Olabanji Ogunyemi: Expanding renewable energy financing strengthens climate resilience in developing economies

Ogunyemi 2~2

By Benson Michael

Across markets, renewable energy financing is accelerating in ways that are reshaping both climate strategy and development economics. Solar, wind and storage projects are no longer marginal pilots, they are becoming central to how countries plan for resilience and growth.

Financial expert Olabanji Ogunyemi observes that “renewable energy financing has moved from niche impact circles into mainstream portfolio strategy for many global investors.”

In practice, that means institutional investors are working alongside development banks and local lenders to build diversified portfolios of projects. These portfolios spread risk across technologies, geographies and off-takers, making them more attractive to conservative capital.

Ogunyemi explains that “what used to be a one-off conversation about a single solar project is now a structured dialogue about pipelines, platforms and long-term partnerships.”

Energy Stability is increasingly central to investment decisions. Projects that reinforce grid stability, provide backup for critical infrastructure or serve vulnerable communities are drawing particular interest. For governments, this is an opportunity to align development needs plans with climate needs.

According to Ogunyemi, “both developed and emerging markets cannot afford to separate their resilience agenda from their energy agenda. The cheapest kilowatt hour is the one that keeps factories running and clinics open during extreme weather.”

The financing landscape is not without challenges. Utility delays, zoning concerns, regulatory uncertainty and land acquisition issues still complicate deals. To overcome this, more agreements are using guarantees, hedging instruments and clear dispute resolution frameworks. Investors are demanding transparency on tariff setting and contract enforcement before committing large sums.

Local participation is another focus area. Building domestic supply chains for components, engineering and operations can multiply the impact of each dollar invested.
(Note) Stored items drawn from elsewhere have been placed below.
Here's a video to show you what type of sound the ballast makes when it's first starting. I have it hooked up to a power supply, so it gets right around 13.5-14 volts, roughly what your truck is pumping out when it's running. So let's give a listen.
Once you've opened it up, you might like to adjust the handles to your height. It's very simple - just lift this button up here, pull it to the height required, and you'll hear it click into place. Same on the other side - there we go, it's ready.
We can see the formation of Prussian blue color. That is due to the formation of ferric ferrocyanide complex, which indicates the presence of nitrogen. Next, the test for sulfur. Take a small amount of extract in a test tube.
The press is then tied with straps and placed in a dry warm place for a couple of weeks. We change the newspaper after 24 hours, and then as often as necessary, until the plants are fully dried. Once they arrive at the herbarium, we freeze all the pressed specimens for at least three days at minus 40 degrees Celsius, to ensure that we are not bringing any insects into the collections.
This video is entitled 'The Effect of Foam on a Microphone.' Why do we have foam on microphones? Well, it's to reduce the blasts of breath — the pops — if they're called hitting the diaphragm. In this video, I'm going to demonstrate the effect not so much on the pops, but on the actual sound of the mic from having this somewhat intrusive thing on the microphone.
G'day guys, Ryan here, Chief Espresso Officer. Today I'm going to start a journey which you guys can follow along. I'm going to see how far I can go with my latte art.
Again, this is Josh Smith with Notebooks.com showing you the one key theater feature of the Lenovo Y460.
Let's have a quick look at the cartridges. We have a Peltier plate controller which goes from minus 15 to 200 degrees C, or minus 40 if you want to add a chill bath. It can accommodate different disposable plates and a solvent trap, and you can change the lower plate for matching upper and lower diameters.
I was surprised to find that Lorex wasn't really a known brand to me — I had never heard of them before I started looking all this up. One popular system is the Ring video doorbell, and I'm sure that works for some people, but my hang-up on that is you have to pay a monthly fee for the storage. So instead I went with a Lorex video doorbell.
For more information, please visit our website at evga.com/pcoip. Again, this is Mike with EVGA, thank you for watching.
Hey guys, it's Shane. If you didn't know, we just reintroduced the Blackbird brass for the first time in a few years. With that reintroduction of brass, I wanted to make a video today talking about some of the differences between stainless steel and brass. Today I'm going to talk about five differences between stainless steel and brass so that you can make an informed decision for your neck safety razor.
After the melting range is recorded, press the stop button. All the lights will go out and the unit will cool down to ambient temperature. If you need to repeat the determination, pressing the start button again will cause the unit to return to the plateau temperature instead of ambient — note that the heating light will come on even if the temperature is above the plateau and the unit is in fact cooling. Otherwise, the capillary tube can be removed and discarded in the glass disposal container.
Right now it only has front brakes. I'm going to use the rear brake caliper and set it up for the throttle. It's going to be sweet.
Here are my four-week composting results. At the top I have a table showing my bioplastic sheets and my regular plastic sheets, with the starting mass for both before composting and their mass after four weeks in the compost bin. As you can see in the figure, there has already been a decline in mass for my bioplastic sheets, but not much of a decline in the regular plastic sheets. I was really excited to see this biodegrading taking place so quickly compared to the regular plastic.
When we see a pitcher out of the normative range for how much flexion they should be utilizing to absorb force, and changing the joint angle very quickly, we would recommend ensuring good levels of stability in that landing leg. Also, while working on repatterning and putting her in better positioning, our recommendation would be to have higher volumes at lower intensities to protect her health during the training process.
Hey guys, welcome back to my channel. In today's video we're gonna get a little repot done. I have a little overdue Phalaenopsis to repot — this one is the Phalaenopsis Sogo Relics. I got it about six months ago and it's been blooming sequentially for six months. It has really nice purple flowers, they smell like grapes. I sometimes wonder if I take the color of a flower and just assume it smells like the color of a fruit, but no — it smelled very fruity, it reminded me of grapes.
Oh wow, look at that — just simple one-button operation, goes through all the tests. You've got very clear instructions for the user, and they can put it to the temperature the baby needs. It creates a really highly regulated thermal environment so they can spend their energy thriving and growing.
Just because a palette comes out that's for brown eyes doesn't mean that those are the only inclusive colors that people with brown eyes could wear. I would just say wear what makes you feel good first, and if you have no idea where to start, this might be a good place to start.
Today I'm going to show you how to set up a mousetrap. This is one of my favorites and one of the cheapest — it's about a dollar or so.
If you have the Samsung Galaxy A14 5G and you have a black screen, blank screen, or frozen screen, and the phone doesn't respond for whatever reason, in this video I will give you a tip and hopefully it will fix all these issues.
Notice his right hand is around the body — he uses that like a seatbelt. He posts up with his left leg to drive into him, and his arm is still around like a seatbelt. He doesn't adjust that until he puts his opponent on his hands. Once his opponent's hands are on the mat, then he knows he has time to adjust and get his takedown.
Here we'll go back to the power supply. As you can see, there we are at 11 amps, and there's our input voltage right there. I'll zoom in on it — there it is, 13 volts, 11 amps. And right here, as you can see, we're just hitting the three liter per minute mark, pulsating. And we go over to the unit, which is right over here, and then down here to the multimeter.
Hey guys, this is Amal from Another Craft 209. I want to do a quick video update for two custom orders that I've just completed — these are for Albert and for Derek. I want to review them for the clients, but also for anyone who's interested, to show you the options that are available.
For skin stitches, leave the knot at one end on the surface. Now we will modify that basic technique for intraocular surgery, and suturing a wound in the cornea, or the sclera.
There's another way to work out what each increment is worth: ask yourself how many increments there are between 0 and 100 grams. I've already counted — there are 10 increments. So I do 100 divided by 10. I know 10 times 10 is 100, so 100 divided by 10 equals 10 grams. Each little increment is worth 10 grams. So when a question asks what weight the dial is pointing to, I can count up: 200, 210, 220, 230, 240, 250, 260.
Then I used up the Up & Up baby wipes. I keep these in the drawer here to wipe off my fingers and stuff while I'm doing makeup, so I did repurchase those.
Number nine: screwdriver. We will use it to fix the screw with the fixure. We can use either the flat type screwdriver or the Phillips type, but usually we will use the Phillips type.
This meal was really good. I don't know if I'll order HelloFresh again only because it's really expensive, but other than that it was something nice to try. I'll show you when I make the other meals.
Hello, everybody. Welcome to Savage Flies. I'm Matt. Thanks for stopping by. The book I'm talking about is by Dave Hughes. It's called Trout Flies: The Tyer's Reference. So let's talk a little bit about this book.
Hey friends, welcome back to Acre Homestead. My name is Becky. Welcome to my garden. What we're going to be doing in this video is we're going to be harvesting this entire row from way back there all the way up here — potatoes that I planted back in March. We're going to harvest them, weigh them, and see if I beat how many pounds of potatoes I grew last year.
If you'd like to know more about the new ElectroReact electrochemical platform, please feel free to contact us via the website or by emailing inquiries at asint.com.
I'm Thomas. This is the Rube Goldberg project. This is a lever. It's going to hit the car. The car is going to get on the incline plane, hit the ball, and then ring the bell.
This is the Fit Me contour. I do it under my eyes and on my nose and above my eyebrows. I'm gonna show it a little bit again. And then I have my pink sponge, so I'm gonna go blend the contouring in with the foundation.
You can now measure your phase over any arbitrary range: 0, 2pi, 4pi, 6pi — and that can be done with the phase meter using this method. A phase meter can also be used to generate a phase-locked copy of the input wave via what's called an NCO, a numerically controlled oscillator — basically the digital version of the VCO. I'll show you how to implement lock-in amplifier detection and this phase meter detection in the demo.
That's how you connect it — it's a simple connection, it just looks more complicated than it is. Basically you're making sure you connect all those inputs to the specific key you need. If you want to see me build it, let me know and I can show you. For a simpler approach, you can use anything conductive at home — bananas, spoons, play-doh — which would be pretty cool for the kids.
Ogunyemi stresses that “renewable financing should not only import capital, it should also build skills, firms and institutions in host countries.”

Looking ahead, attention is turning to grid modernization and storage, which are essential for integrating high levels of variable renewables. These investments will require even more sophisticated financing and closer coordination between energy planners and financial regulators.

Yet the overall direction is clear. The question is no longer whether renewable energy in emerging markets can attract finance. The real question is which countries will move fast enough to design credible projects and capture this historic wave of capital.